India and China continue to share a prickly relationship. The dip witnessed since Galwan has refused to level out. After exactly three years of the conflict, laboured posturing and diplomatic overtures both countries remain almost at the same point. The LAC remains tense, unpredictable and highly volatile. Both countries have refused to militarily backdown. Contrary to expectations at places only the positions held have been further strengthened.
The fact is as military posturing is concerned there is almost an endless scope for reinforcing and improving respective positions, infact it’s a continuous process. There is unlikely to be a willingness to backdown in front of aggressive deployment by the other side. The situation is precisely what leads to chain reaction and enhanced complications in the event of miscalculation.
China can continue to gloss over the scenario as ‘stable’ but the reality is very different. As highlighted by India ‘going back’ to status quo has No alternative for peaceful coexistence. China would want to maintain it’s forward deployments and force India backward on LAC, while expecting mutual relationship remains ‘unaffected’. That’s the best case scenario for China, but realities are different than desires. It strongly needs to learn honouring sensitivities of it’s neighbours. Mutual relationships are built on trust and not on calculations.

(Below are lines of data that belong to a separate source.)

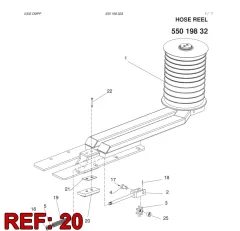 Sandvik SLIDE — diagrama técnico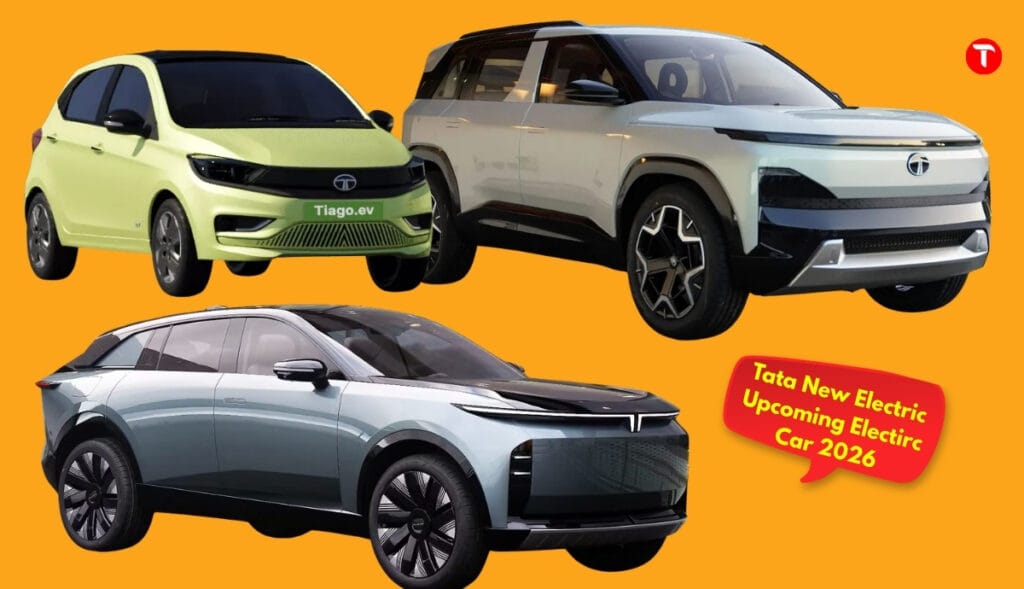 Tata Motors India EV Launch: Tata India Launch 3 Electric Vehicle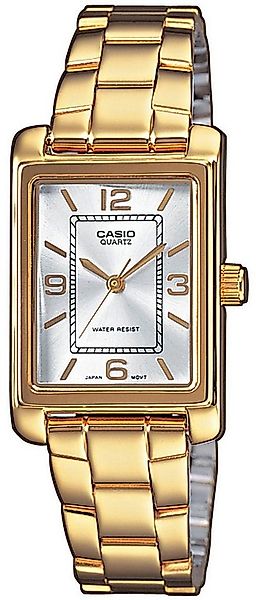 CASIO TIMELESS COLLECTION Quarzuhr LTP-1234PG-7AEG, Armbanduhr, Damenuhr, a günstig online kaufen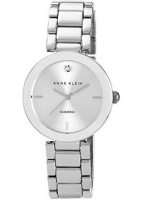 fashion наручные женские часы Anne Klein 1363SVSV. Коллекция Diamond  фото, kupilegko.ru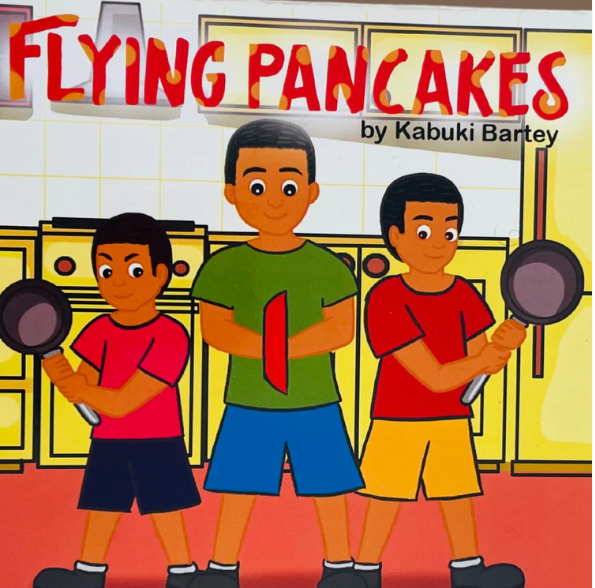 Flying Pancakes, Kabuki Bartey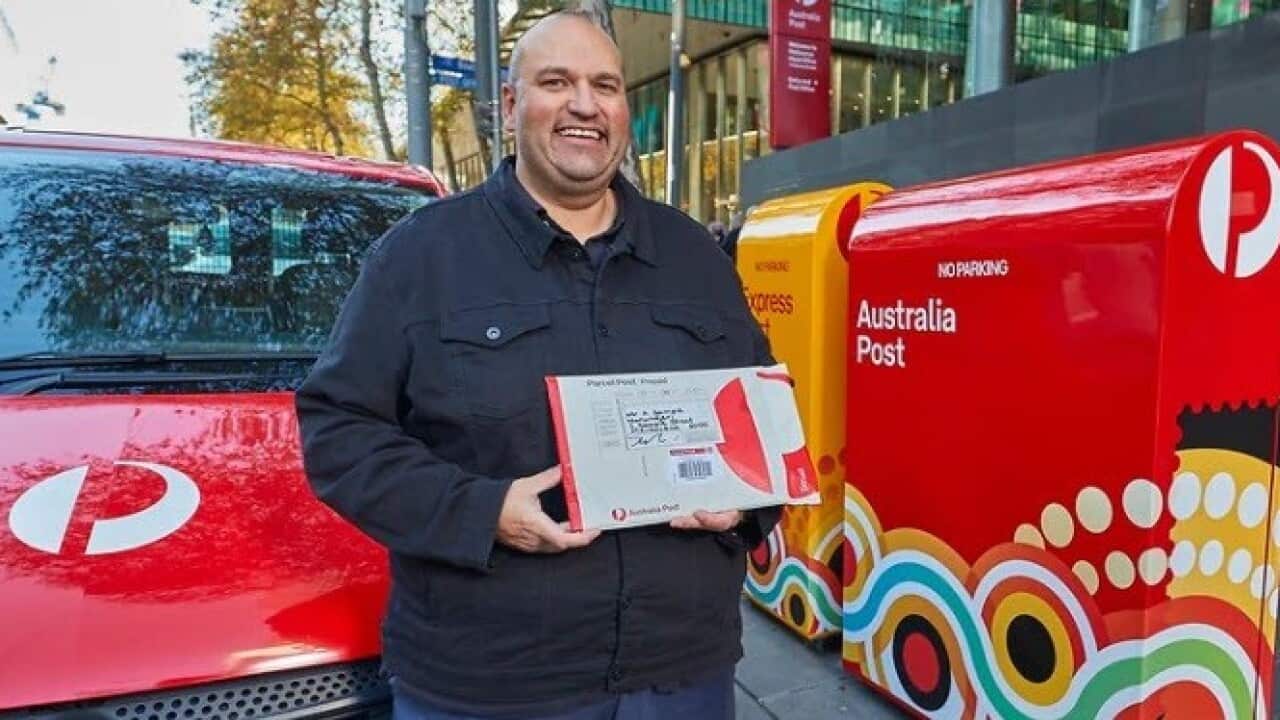 Chris Heelan, manager indigeno di Australia Post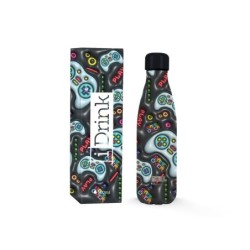 Botella Térmica 500 ml LET'S PLAY 3D Botella Térmica 500 ml LET'S PLAY 3D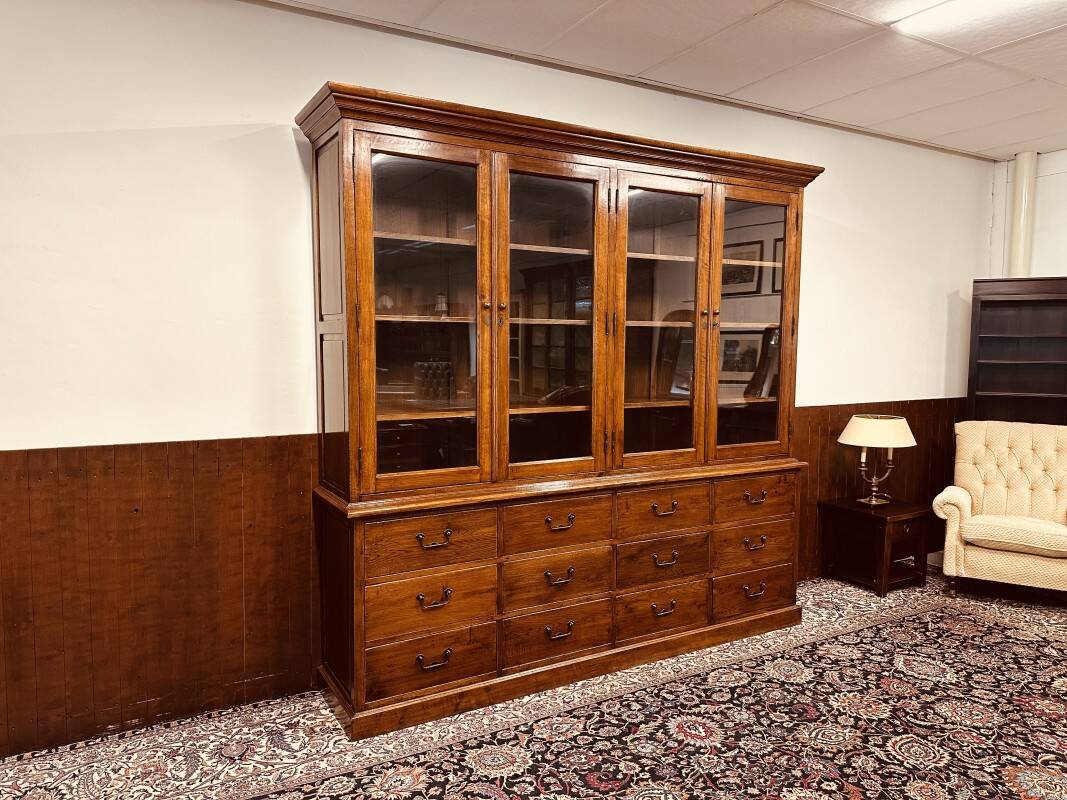 Classic English Eichholtz Library Cabinet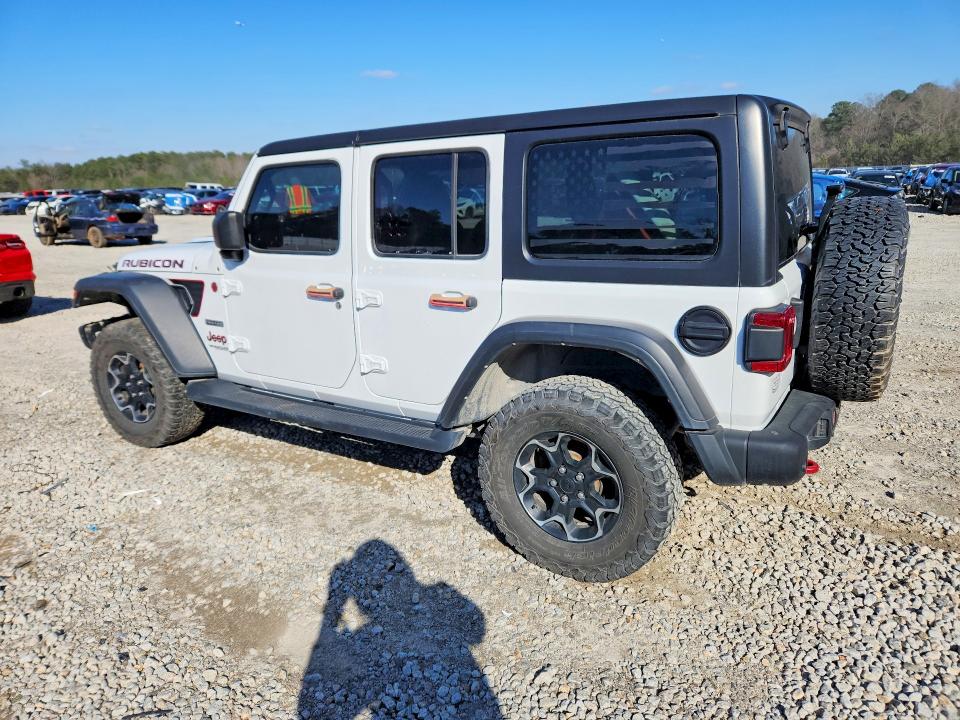 Aukcja sprzedaży 2020 Jeep Wrangler Unlimited, vin: 1C4HJXFN7LW346611, numer aukcji: 77806195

India clearly holds China accountable for the Galwan conflict and it’s subsequent actions. It has been categorical on resumption of status-quo across the LAC as an essential pre-requisite to get back to normalisation of relationship. India will continue to pursue actions to reflect an equivalent cost for China to bear. China surely can act naïve as if all is good, but better would be it gets the sense of disquiet in Delhi. The recent visit of chinese foreign minister Qin Gang to Delhi could have given the right momentum for this. But as the indications are, it seems another wasted opportunity.